Start of Material provided
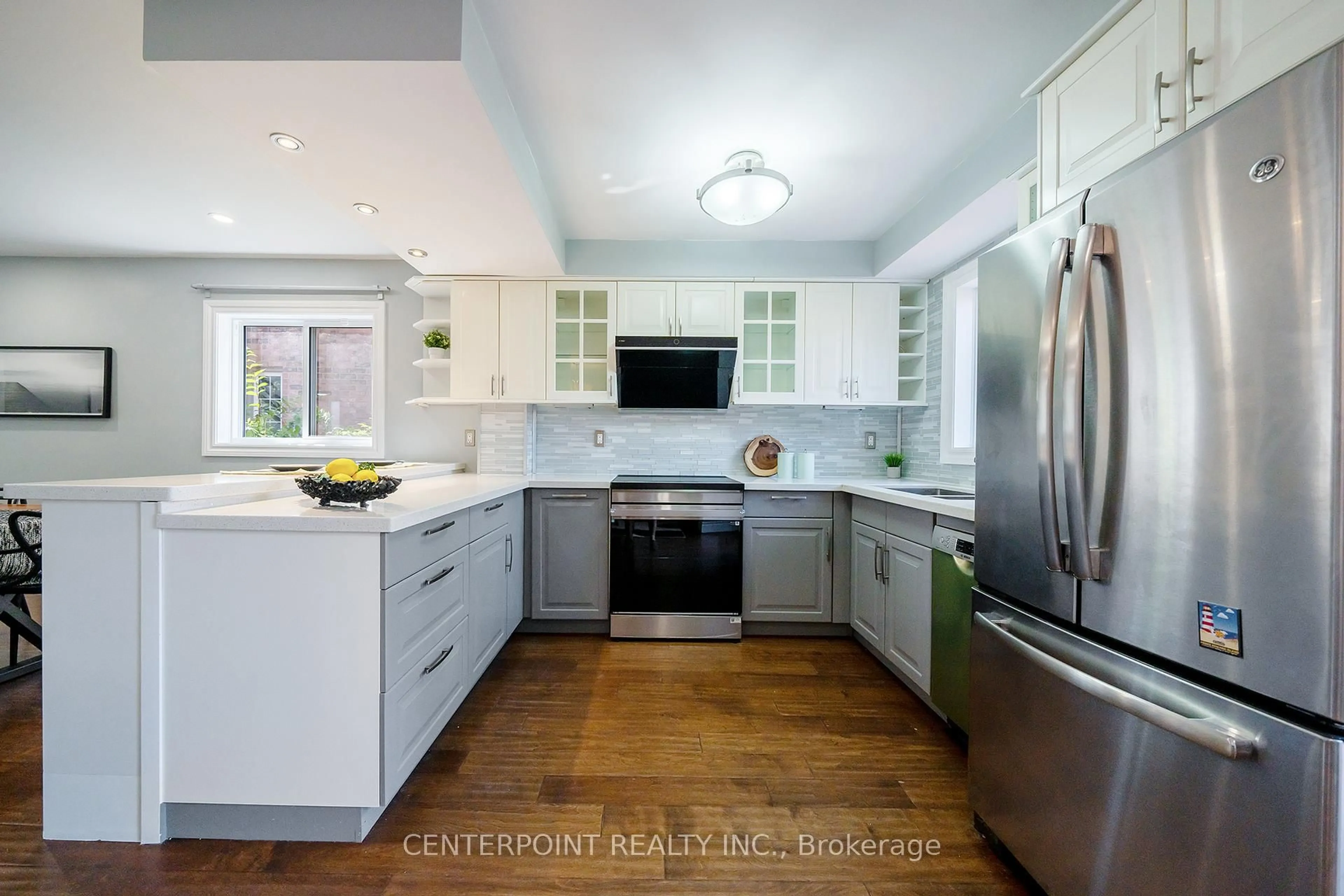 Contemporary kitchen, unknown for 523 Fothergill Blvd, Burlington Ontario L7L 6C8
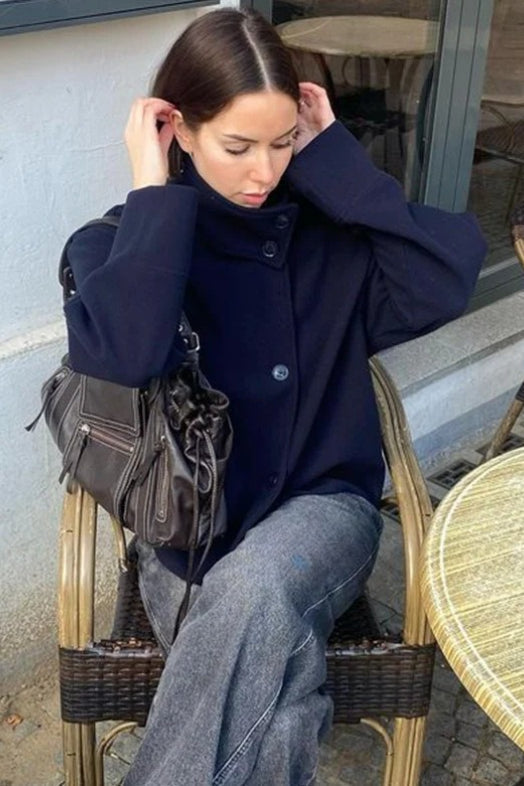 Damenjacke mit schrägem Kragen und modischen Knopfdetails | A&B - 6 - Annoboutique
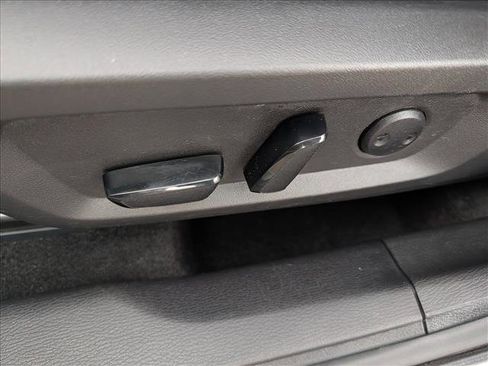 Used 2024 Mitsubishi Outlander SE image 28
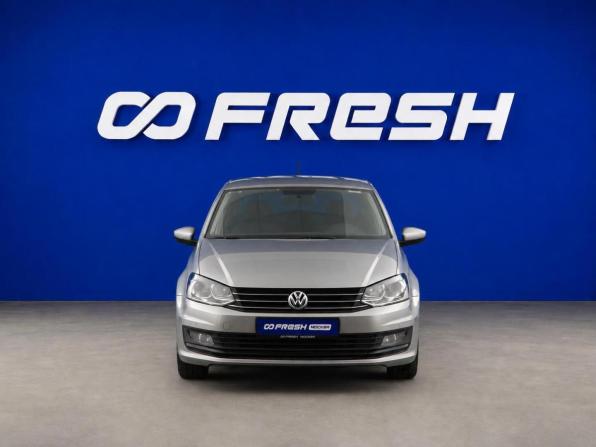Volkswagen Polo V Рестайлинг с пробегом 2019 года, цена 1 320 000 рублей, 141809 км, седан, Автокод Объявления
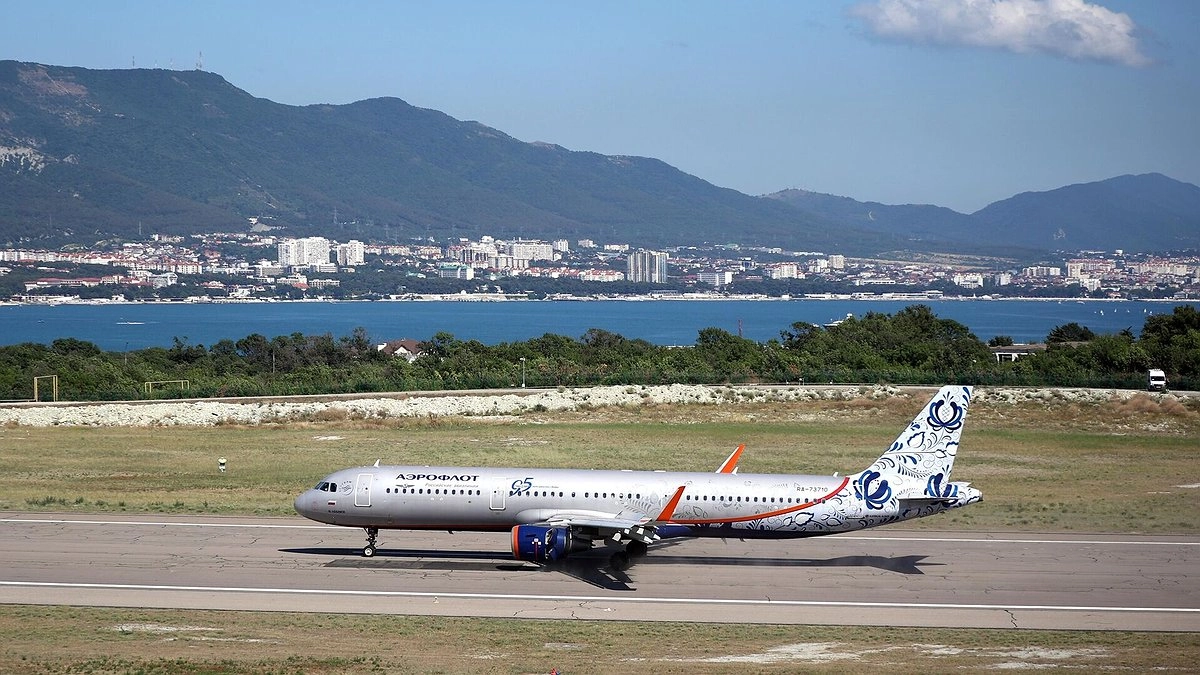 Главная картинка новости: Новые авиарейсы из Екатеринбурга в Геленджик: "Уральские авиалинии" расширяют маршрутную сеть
End of Material provided
## Work order
Everything above should be given again exactly, apart from the pictures.

## Task solution
 Contemporary kitchen, unknown for 523 Fothergill Blvd, Burlington Ontario L7L 6C8
 Damenjacke mit schrägem Kragen und modischen Knopfdetails | A&B - 6 - Annoboutique
 Used 2024 Mitsubishi Outlander SE image 28
Volkswagen Polo V Рестайлинг с пробегом 2019 года, цена 1 320 000 рублей, 141809 км, седан, Автокод Объявления
 Главная картинка новости: Новые авиарейсы из Екатеринбурга в Геленджик: "Уральские авиалинии" расширяют маршрутную сеть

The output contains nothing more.